Regarding use of HDF5 as BigDatViewer format:
We chose it exactly because it provides the capabilities mentioned above: chunked datasets (blocked images) and many datasets in one file (filesystem in a file, storing multiple resolutions, timepoints, channels, …).
It has some serious drawbacks that let me doubt whether we would choose it again. In particular, it doesn’t support multithreaded writing and it has no journaling, i.e., if the computer crashes while writing/modifying a huge HDF5 file, it is likely that the whole file is unrecoverably corrupted.

The default implementation of N5 stores image blocks in individual files, which conveniently delegates these capabilities (multithreaded writing, journaling) to the file system. From my point of view, the only drawback is that you end up with millions of small files, which makes it cumbersome to copy datasets etc. In this regard, I like HDF5 better, where you can split the data into a few files.
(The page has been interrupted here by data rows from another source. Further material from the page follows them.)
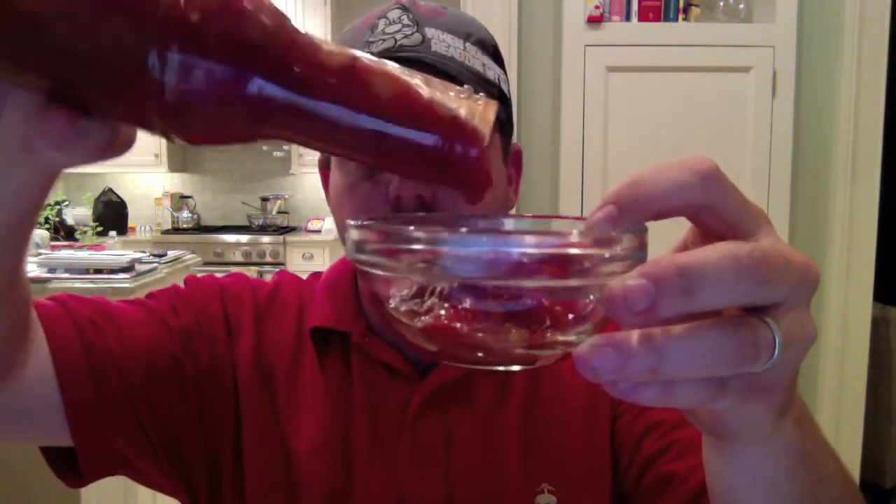It's nice and chunky. Not that spicy right off the top — I don't think I got any peppers on that one. It's really good, a lot of good flavor. I'm actually going to have it on chips. As you can see, the consistency is very, very chunky, like a typical salsa.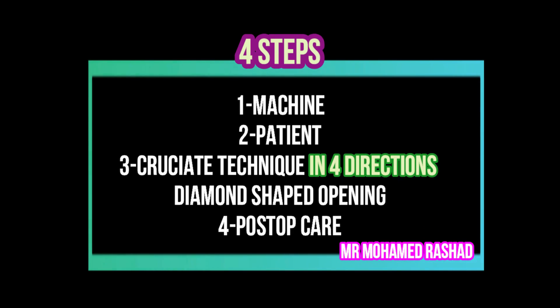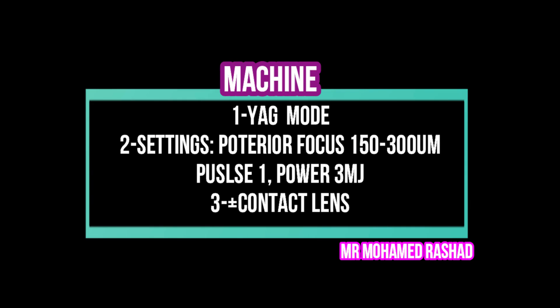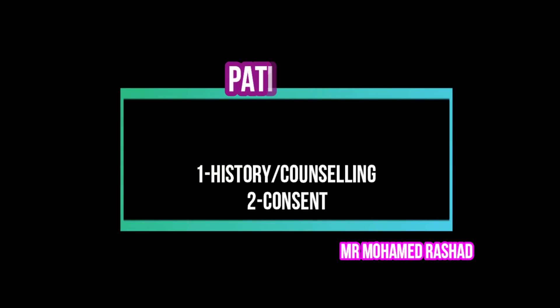In small pupil cases, we follow our four steps but with some modification. In the crochet technique, we have to do it in four directions. First, we have to check the machine — the most important thing is to set the posterior focus, the pulse to one, and the power to nearly 3 millijoules.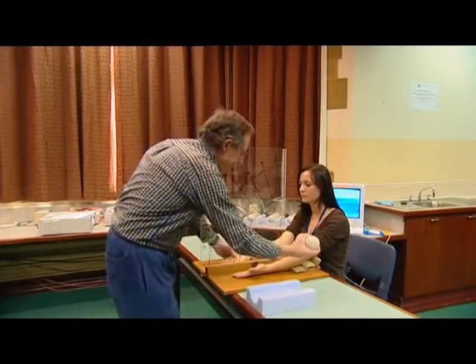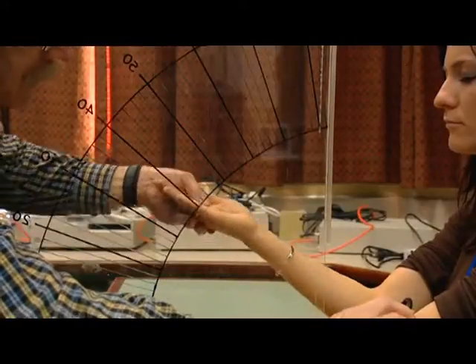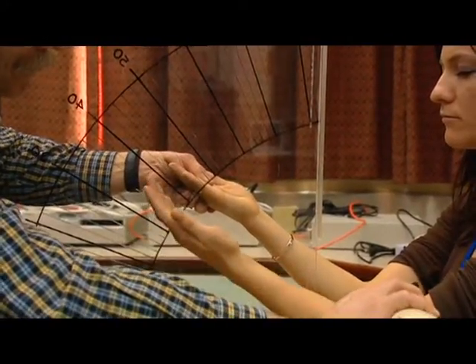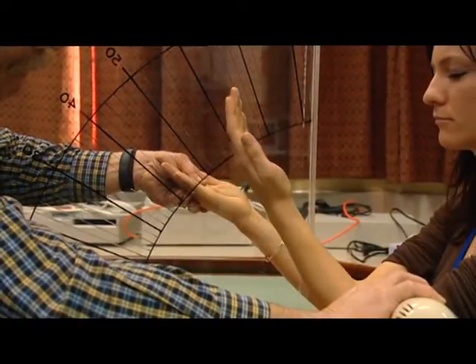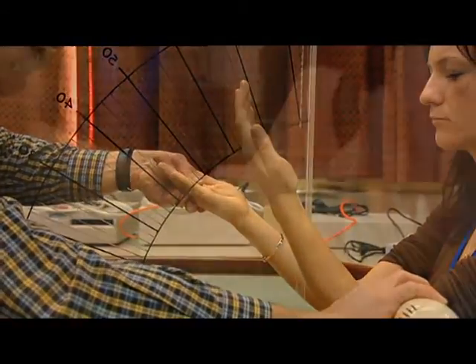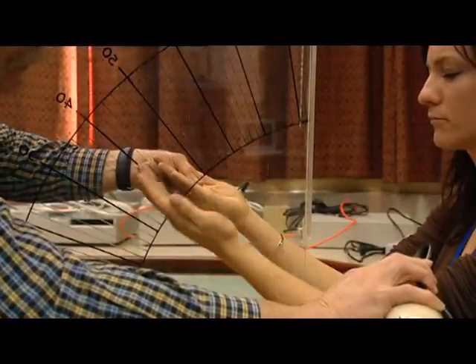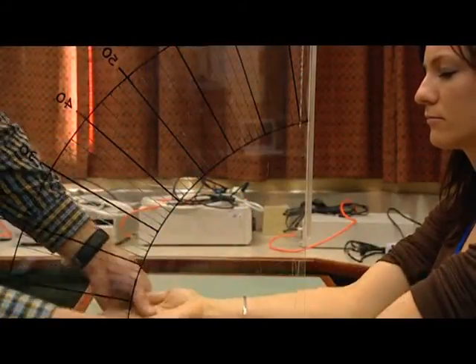We use the Niagara hand massage unit to elicit a reflex in a tendon. We apply the massage unit to the tendon and the continuous train of vibrations elicits a contraction in the muscle associated with that tendon, enabling us to demonstrate to students the pathways involved in those reflexes.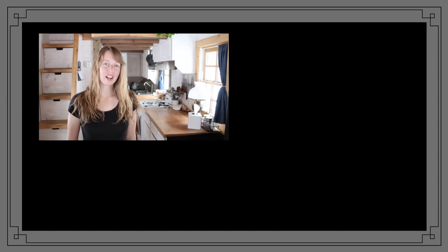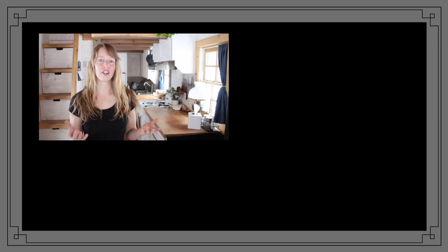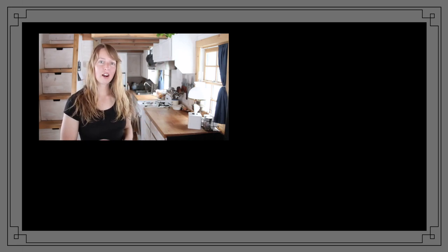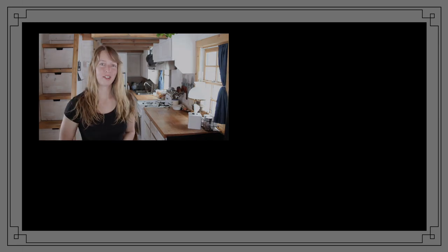Hi folks, Arielle over here — thanks for spending some of your valuable time watching these videos. Hopefully you found something beautiful, educational, interesting, peaceful, relaxing, or useful while you were here. If so, find more videos here, subscribe so you don't miss any updates, and if you like what you found here feel free to like and share away so that others can benefit as well. You all have a wonderful day.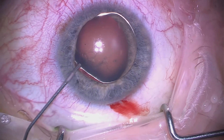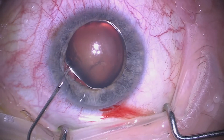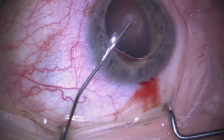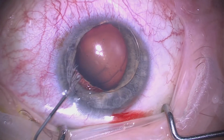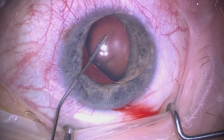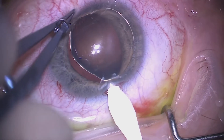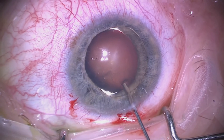We are placing some viscoelastic here — this is dispersive viscoelastic in the form of Viscoat — behind this dislocated lens to really compartmentalize and push the anterior hyaloid face back so that we have room to work here in the anterior chamber. We then go ahead and make our main incision using a keratome.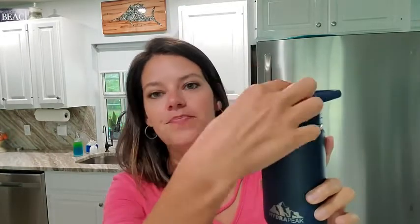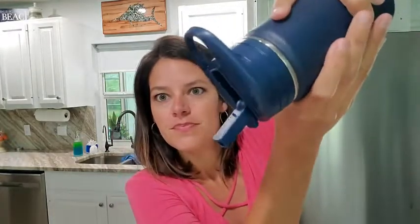When you close it, you can see that it's spill proof. One feature that I really like about this Hydrapeak tumbler is that it's also not going to spill much even when it's open. Oftentimes kids drink from these and then it's left open and it spills over — but even open, very little comes out, which I love.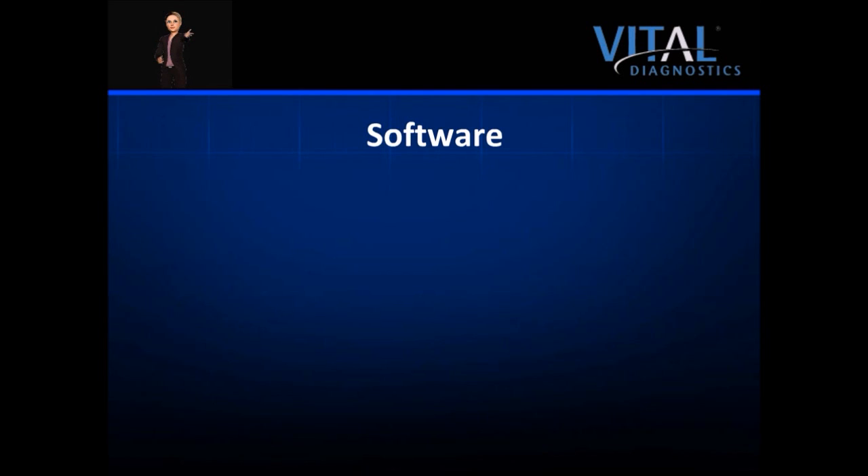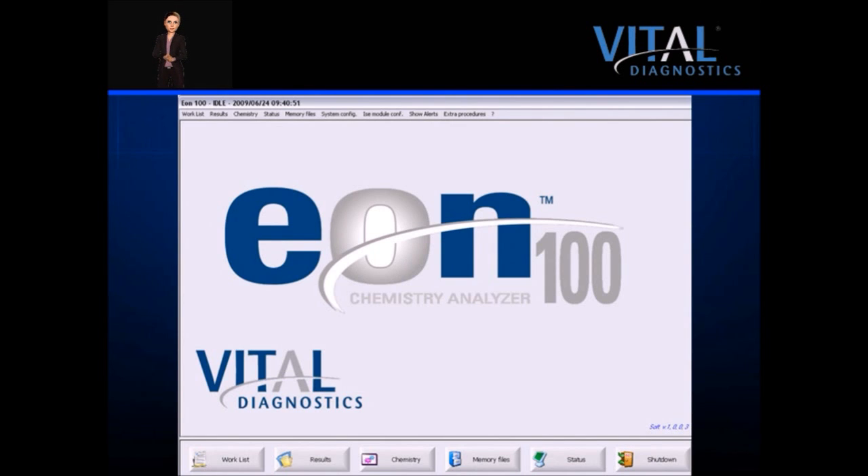We will now explore the EON100 software. The software is Windows-based, bright, and intuitive. Navigation is simple, and most screens are accessed by only one click of the mouse. The large icons at the bottom of the screen indicate the most commonly used menu options. These menu options are also displayed in the upper menu bar, along with less frequently used options. The status bar at the very top provides the operator with constant real-time updates.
Also, I should add, that the BDV perspective is a bit limited, because the BDV file format only uses a fraction of what HDF5 has to offer (structured data besides images, metadata, …)

Regarding the original question: one advantage of HDF5 over storing data in zip files etc certainly is that it has a system-independent definition of datatypes and how they are stored in binary form. E.g., issues such as endianness across different architectures etc are solved, metadata for datasets in an HDF5 tells you which datatype it is, etc. This you would have to think about, define, and implement in a homebrewed zip based format.